The Australian dollar is strong this morning. Not only is it holding above 72 cents while the US dollar is again strong and back up near one-year highs against the major currencies, it is itself much stronger against the euro, the pound, the yen and the Kiwi over the past week.
That strength flies in the face of still weak commodity prices. Copper made a fresh six-year low at just $2.05 a pound on Friday night, crude oil reversed early week strength to close weaker, and concerns about the global economy remain.

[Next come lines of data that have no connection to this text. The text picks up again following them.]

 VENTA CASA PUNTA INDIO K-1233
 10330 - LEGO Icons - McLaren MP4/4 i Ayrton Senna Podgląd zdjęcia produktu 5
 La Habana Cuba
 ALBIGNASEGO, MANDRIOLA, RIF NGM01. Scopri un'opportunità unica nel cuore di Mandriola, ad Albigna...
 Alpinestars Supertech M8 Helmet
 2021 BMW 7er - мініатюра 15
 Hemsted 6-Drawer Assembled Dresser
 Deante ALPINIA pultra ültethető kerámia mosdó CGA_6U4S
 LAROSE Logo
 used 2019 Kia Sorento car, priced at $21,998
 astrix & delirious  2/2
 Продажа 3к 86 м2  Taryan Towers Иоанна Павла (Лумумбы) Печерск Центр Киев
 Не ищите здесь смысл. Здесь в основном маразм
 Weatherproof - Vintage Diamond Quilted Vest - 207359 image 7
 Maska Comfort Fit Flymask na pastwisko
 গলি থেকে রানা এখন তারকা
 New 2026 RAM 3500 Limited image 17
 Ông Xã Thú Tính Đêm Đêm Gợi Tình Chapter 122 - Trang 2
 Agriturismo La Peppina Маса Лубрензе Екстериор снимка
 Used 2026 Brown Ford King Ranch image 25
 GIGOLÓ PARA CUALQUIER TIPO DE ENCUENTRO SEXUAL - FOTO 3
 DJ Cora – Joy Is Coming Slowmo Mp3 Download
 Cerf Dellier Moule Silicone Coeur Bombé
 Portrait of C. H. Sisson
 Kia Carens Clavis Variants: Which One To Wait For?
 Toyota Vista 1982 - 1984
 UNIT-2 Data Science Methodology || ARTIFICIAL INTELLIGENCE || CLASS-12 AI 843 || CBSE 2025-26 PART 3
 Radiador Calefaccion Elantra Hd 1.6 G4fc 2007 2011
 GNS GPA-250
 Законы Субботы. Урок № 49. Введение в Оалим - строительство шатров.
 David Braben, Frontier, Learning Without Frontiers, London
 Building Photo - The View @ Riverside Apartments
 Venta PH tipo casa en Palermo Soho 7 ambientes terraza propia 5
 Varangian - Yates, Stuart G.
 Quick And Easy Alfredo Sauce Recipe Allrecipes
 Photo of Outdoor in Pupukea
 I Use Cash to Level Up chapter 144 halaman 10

Yet the Australian dollar is finding the buyers once again.
Westpac strategist Robert Thompson neatly summarised what might be driving the Aussie recent resurgence with a chart in the bank’s latest Forex Focus publication.
In a world of zero or negative rates, quantitative easing and market uncertainty, Thompson highlighted that Australian bonds have become much more attractive lately as yields have risen faster than competing markets.
Australian bond yields have risen since the RBA kept rates on hold at November’s meeting. Relative to off shore the rise has been striking, with 10 year Commonwealth government bond yields now 67bp above those in the US and 190bp above the average of other AAA-rated nations. While current levels are not overly cheap for bond investors, the movement wider is a shift in the right direction toward encouraging new inflows into the AUD bond market.
In the current environment that is likely, at the very least, to discourage selling. Less sellers opens up the chance for the very rally the Aussie dollar has experienced over the past week.
How far it can rally with commodities weak and the US dollar strong is open for debate. But over the past week, the Aussie has broken both a one- and a 15-month downtrend.